Sé que son palabras que, de puro grandilocuentes, suenan un poco vacías. Y sé que, a la hora de la verdad, muchas de las resoluciones de la ONU seguirán quedando en nada. Pero es digno de elogio el hecho de que una organización reconozca que no es capaz de dar respuestas efectivas a las crisis presentes y trate de poner remedio, como también lo es el que, a partir de la Sociedad de Naciones, la Humanidad encontrase una forma de intercambiar puntos de vista para evitar llegar a las bombas, al menos en muchos de los casos.

La ONU no es perfecta y el multilateralismo no es perfecto, pero lo perfecto es enemigo de lo bueno, dijo Voltaire. Y no podemos olvidar que, para muchos países pequeños, para los menos influyentes, esta es la única oportunidad de hacerse oír. El precio de este esfuerzo multilateral es tener que escuchar a una sarta de sátrapas, terroristas e incompetentes. Y el peligro es poner el énfasis del pacto en la palabra «futuro», porque el futuro es una entelequia, no es de nadie ni nadie lo puede asumir. Es sólo un punto incierto entre el presente y la muerte, entre el ahora y la extinción.

Lo verdaderamente importante es subrayar la palabra «pacto», porque ese consenso entre naciones es lo que acerca a la ONU más a un espejo de lo que querríamos ser que a un modelo de lo que somos.
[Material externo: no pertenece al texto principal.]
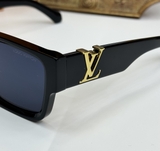 Kính đeo mắt thời trang Louis Vuitton LV Sleek Square Sunglasses Like Auth on web fulbox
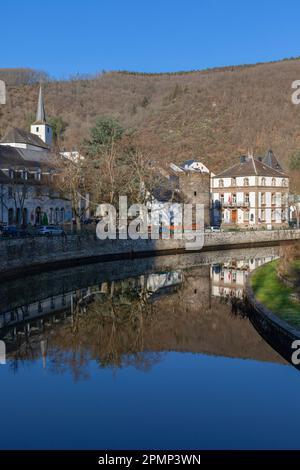Europa, Lussemburgo, Diekirch, Esch-sur-Sure, fiume Sauer guardando verso gli edifici storici del centro città Foto Stock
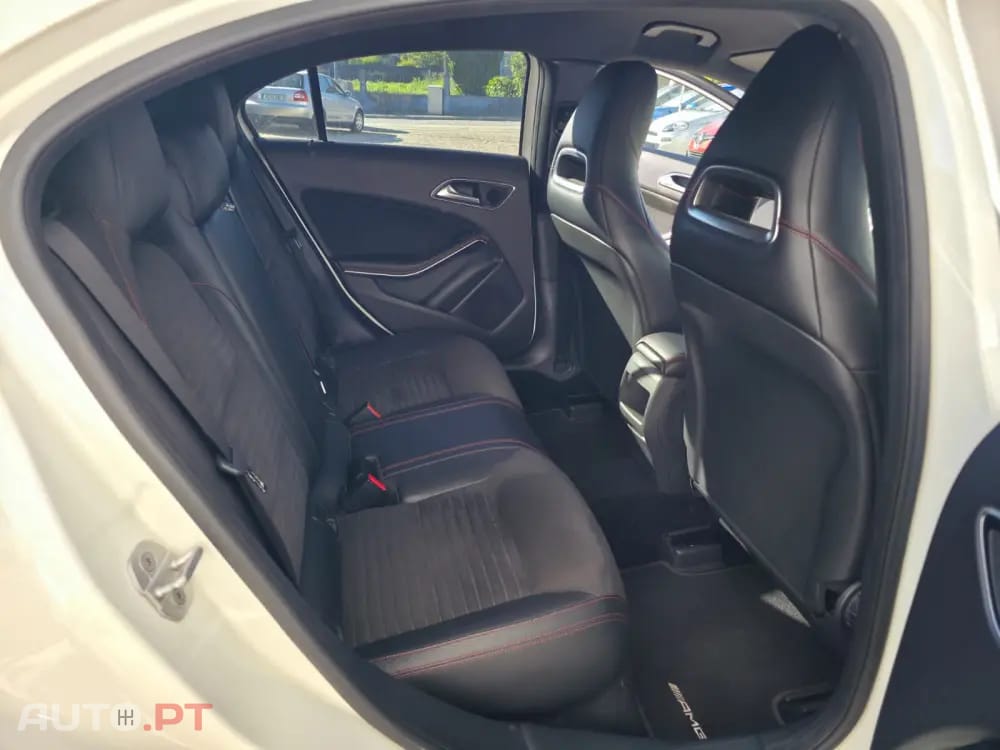 Mercedes-Benz A 180 d AMG Line
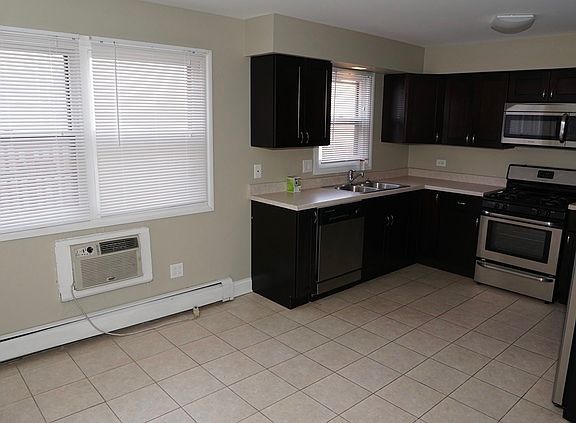 5th image of 4111 N Mozart St Unit 2E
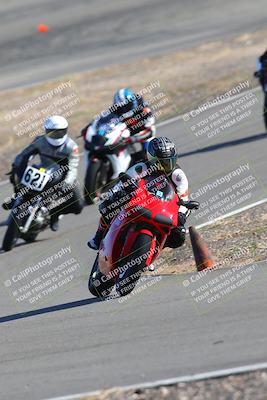 media/Feb-05-2023-Classic Track Day (Sun) [[c35aca4a42]]/Group 2/session 4 turn 4/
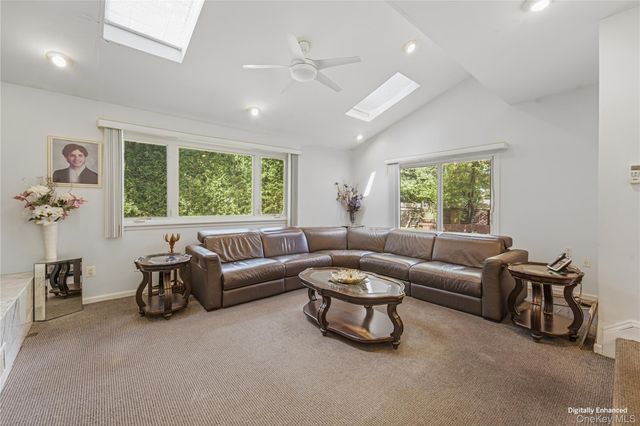 27 Driftwood Drive, Port Washington, NY 11050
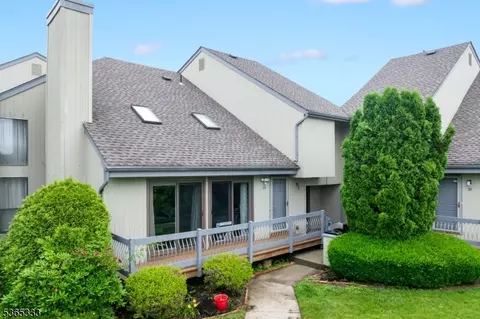 29 Woodhill St #132, Somerset, NJ 08873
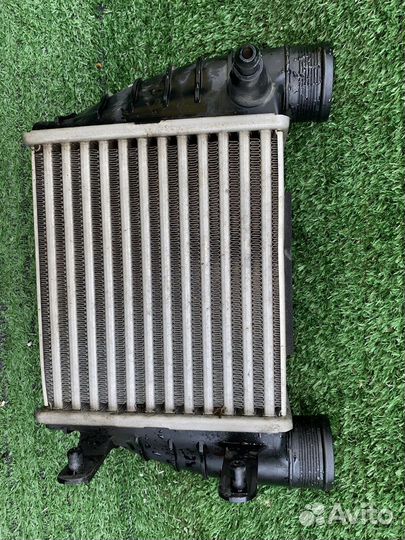 Итеркулер передний правый Audi A4 B7 8ED 8E0145806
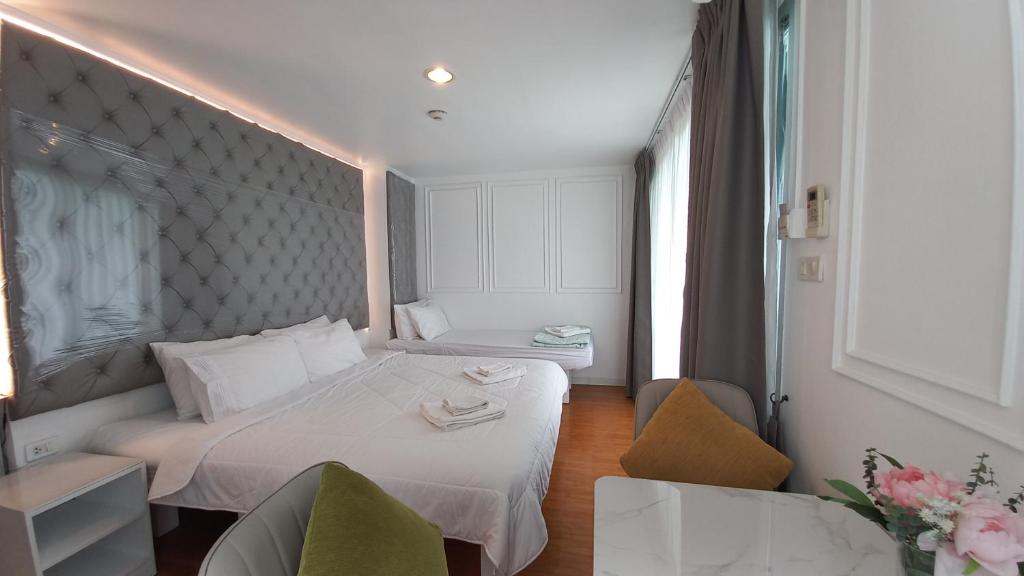 Panoramic City View Room at Silom - 3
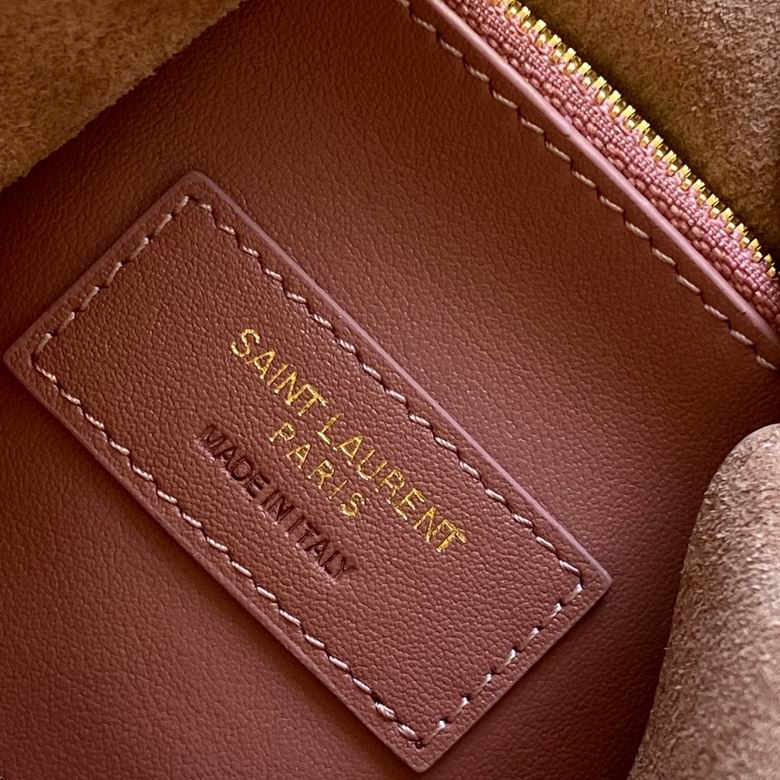 713938 22X22X10cm YG 8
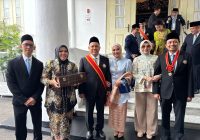 SELAIN HAJI ISAM, Almarhum H Leman Juga Menerima Anugerah Kehormatan dari Presiden Prabowo di Istana Negara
Es una oportunidad para que la ONU vuelva a comprometerse con sus valores fundacionales y para dotarnos de nuevos y mejores instrumentos con los que afrontar un rosario de crisis que nacen y se reproducen más rápido que nuestra capacidad de resolverlos. Es una oportunidad de responder para nuestra generación. Per aspera ad astra.